When the line containing "French Bulldogs - AKC French Bulldogs" appears in the entries below, begin printing there and stop after the line containing "Gatti - circa"; print each of those lines exactly and no other line.

(Material for the task begins)

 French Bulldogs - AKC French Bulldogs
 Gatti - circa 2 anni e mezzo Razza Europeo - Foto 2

(Material for the task ends)
(Material for the task begins)

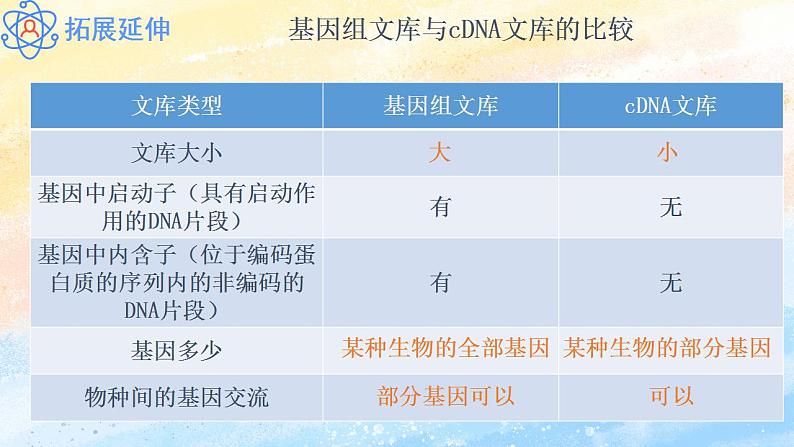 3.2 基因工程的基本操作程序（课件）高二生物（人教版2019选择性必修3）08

(Material for the task ends)

§ Task solution
 French Bulldogs - AKC French Bulldogs
 Gatti - circa 2 anni e mezzo Razza Europeo - Foto 2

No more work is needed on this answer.